IEA Sees 2027 Oil Glut; Lower Prices Could Help Bitcoin

IEA forecasts about a 5 mb/d surplus in 2027 as supply rebounds to 110.3 mb/d and demand rises to 105.3 mb/d. Cheaper oil may ease inflation and support Bitcoin.

The International Energy Agency projects a roughly 5 million barrels per day oil surplus in 2027 after global supply rebounds by about 8 mb/d to 110.3 mb/d while demand rises by 2 mb/d to 105.3 mb/d. The agency’s outlook follows a sharp supply shock in 2026 tied to the US‑Iran conflict.

For 2026 the IEA expects oil demand to fall by 1.1 mb/d year over year and production to drop by 3.9 mb/d to about 102.4 mb/d. The agency revised its demand estimate down by 700,000 b/d from May after second‑quarter demand fell roughly 5 mb/d from a year earlier. May output was about 94.5 mb/d, down 600,000 b/d from April and 13.6 mb/d below pre‑conflict levels.

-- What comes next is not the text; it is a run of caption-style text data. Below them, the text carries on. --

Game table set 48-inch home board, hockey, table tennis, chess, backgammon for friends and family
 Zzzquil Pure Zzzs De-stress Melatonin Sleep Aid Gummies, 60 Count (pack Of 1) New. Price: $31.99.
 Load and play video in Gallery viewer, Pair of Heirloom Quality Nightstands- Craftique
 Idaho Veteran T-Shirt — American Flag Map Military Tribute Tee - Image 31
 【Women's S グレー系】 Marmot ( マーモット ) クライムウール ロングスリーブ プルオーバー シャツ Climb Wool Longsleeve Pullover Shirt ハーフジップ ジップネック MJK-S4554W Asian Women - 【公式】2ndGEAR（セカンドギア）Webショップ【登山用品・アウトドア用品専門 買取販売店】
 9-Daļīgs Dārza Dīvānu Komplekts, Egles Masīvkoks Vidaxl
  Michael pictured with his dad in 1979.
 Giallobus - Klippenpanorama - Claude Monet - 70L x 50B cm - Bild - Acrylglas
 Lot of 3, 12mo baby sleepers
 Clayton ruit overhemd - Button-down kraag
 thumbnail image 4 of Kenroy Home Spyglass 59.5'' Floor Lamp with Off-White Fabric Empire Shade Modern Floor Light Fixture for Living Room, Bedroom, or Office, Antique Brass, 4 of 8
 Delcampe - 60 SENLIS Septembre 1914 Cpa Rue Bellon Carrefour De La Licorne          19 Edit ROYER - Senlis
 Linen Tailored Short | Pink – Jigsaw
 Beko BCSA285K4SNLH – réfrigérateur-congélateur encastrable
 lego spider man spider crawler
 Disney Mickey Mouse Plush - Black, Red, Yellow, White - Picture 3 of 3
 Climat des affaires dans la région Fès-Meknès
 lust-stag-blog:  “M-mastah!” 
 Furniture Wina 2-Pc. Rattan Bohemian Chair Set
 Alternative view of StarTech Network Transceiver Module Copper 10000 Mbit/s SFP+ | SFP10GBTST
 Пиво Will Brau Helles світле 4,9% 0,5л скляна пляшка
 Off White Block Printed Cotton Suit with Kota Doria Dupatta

The IEA flagged a possible recovery in Gulf exports if a sustained US‑Iran agreement is reached and blockades are removed. “Not least because Iranian oil exports can fully resume once the US blockade is lifted. Shipments through the Strait were already rising sharply in early June, supported by ship‑to‑ship transfers in the Gulf of Oman, lifting total flows from a May low of 9.6 mb/d to around 12 mb/d,” the report reads.

If supply recovers as projected while demand grows only modestly, the market could face an oversupply near 5 mb/d in 2027. The report noted the surplus may allow countries to replenish depleted inventories or to build new strategic reserves.

Crude prices feed into the wider economy through energy costs. High fuel prices were a major contributor to inflation reaching a three‑year high in May. Easing oil prices could reduce those pressures and affect monetary policy choices.

Geoffrey Kendrick, head of digital assets research at Standard Chartered, has argued that weaker oil prices strengthen the case for cryptocurrencies. Bitcoin traded near $64,213 on Thursday, down about 16% over the past month and well below its October peak above $126,000. The IEA’s outlook assumes supply constraints ease and that producers and consumers respond by rebuilding stocks or creating strategic buffers.